When we returned from our hike, we were informed that while we were gone, a baby girl was born in our family! The baby, born in the hut next to our cramped quarters, is the daughter of Hady (the chief) and his second wife, Ramatouleye. We went in to visit the beautiful, healthy baby, who was delivered by her grandmother on the dirt floor of the hut. It was truly a miracle.
As if that wasn't enough, immediately after we met the still-unnamed baby, Mamadou carefully explained to us that traditionally, if a baby girl is born while guests are staying in the home, it is the privilege of the guests to name the baby. Thus, it was up to us to choose the name of the baby--"What she will be called until the day of her death," as Mamadou told us.
What a responsibility! We were pretty stupefied--I couldn't imagine entrusting three strangers to name my daughter. But Mamadou and Hady insisted, telling us that we should choose a "vrai nom Américain" so that as the baby grows up, she can recount the story of her three American "parents" who gave to her her foreign name.

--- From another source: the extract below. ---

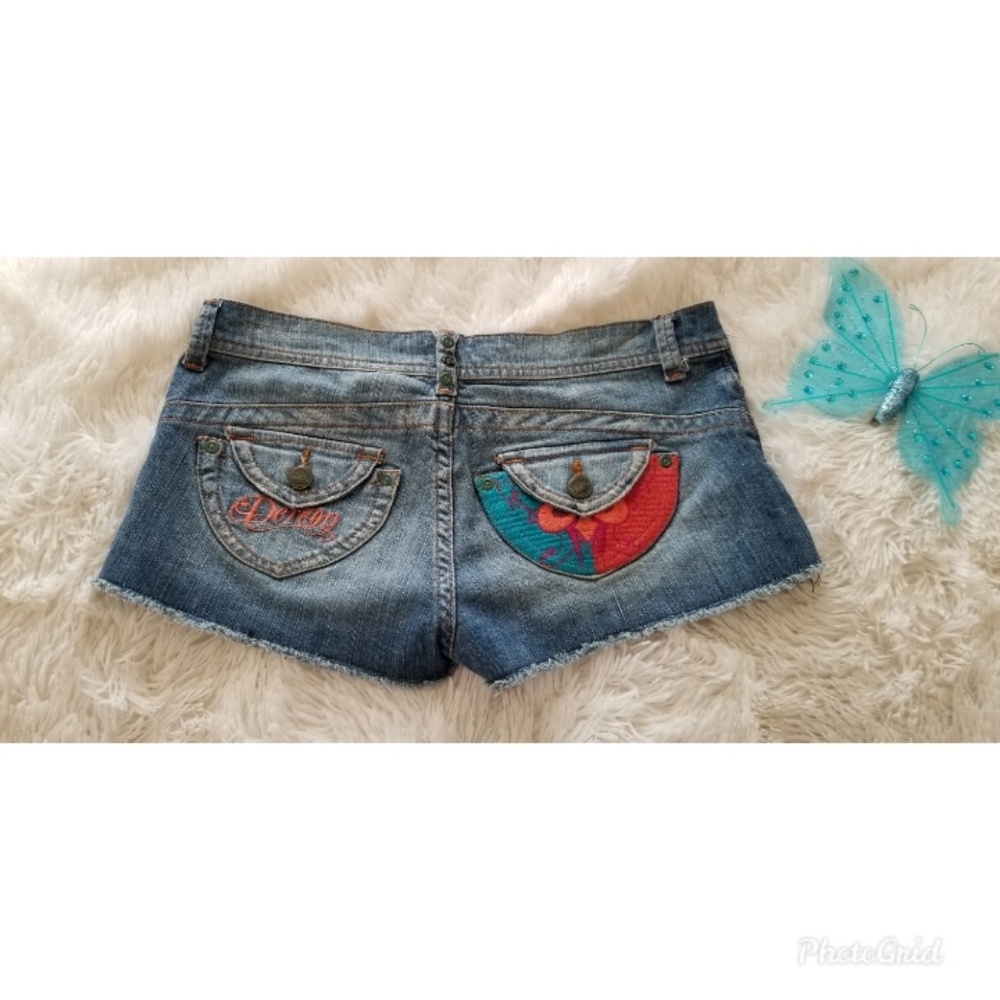 Dereon Embroidered Back Pocket Shorts SZ 1/2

We considered the matter overnight, and finally, we decided to name the baby, KARINA, after my sister, which is pretty thrilling. We chose Karina for a number of reasons: first, it is a pretty name, and it will not be unreasonably difficult for the baby or her family to pronounce in Diallonke--she won't get laughed at for having a goofy name like "Ashley" or "Elizabeth." We also thought it would be cool to give her the name of one of our most beloved family members, to deepen our connection with her and her family.

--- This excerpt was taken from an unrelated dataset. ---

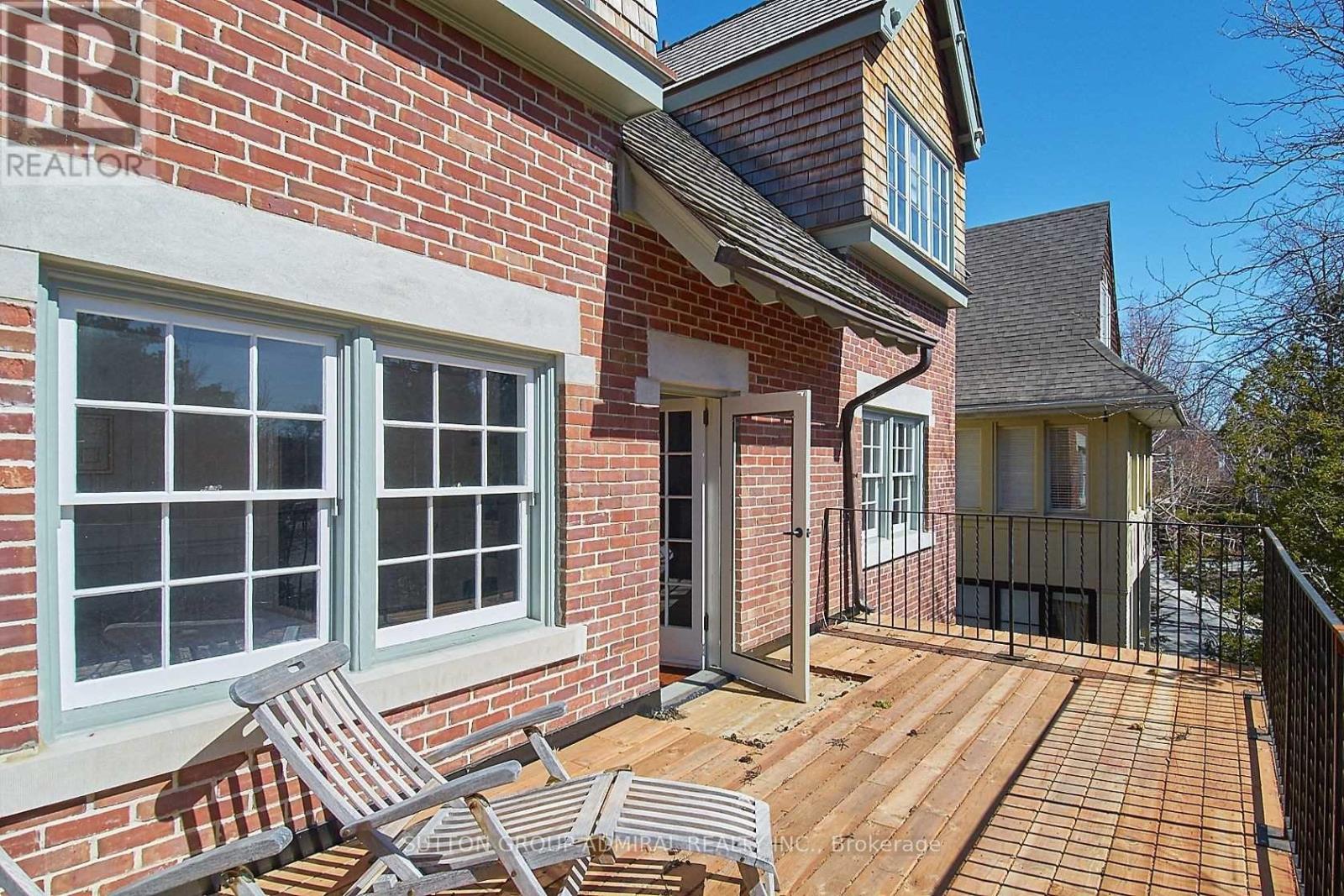 63 Highland Avenue, Toronto, Ontario  M4W 2A2 - Photo 15 - C12959164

Neither Karina nor her family are aware of the name yet. In West Africa, babies are usually named at a ceremony one week after the day of birth, and before that day, nobody is supposed to know the name. Thus, we wrote the name down and put it in an envelope along with an explanation and a photo of Karina Walker (Karina #1), and on Friday, the family will open the envelope and proclaim the name at a big party "with lots of meat," as Mamadou told me.

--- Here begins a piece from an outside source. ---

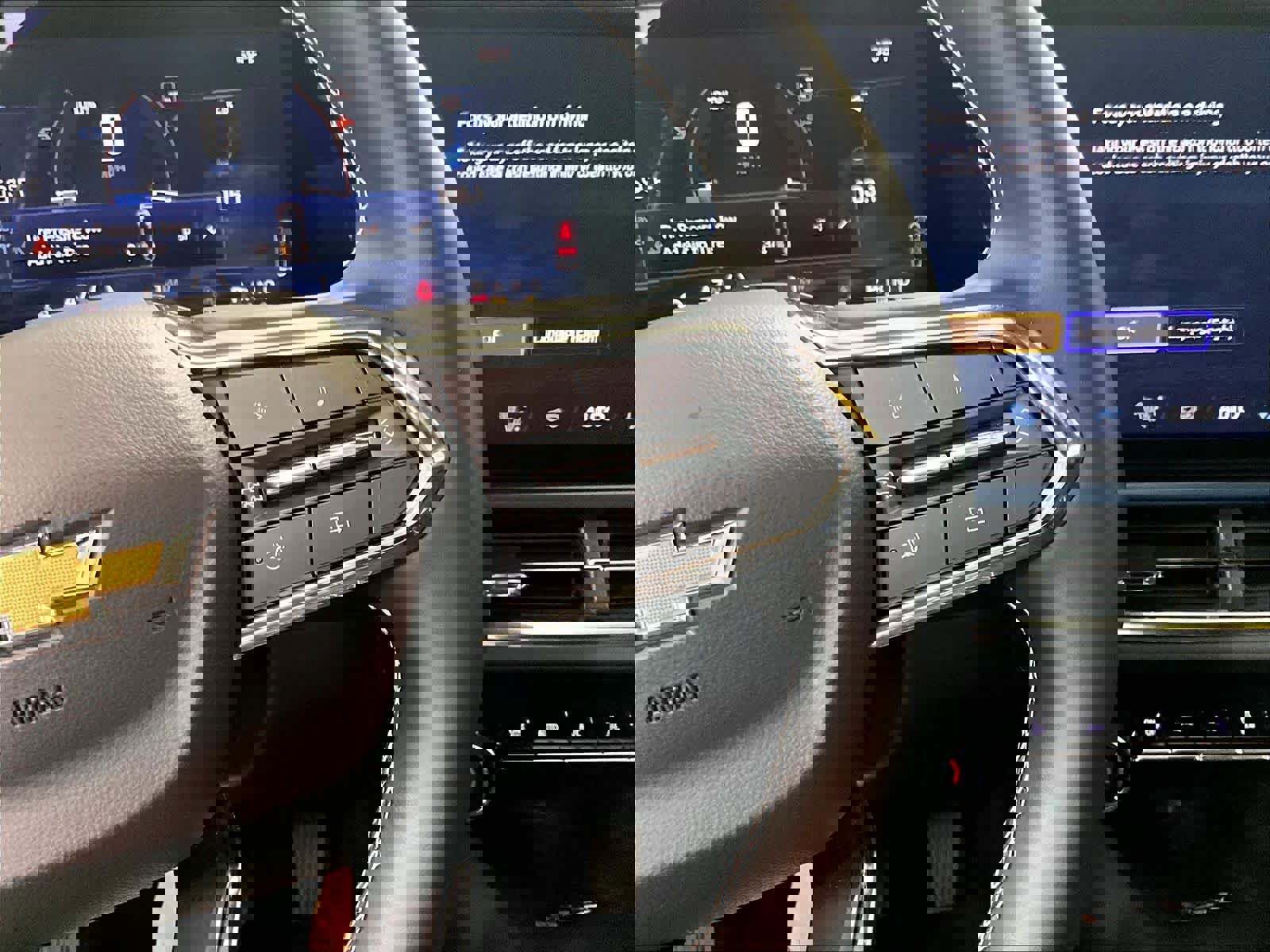 Used 2025 Chevrolet Equinox EV LT w/ Convenience Package image 20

Unfortunately, we had to come back to Dakar, so we won't be able to be there when Karina hears her name spoken for the first time. I'll be able to call one of the young men in the village later in the day for a report, but I'm really going to miss being there.
It's an overwhelming feeling to name a baby, and I still can't believe that Hady and his family gave us the honor of naming his daughter. Luckily, we were able to name her after somebody pretty wonderful. Again, I'm staggered by the generosity and openness of Senegalese people, and I hope that it will be possible to maintain a connection with my "daughter" Karina as she grows up in her remote village. Her life will not be easy, and she probably won't have many choices in a poor area where women are expected to get married and start having children at around age 16. But her family is gentle and generous, and I pray, optimistically, that she will find joy and peace there.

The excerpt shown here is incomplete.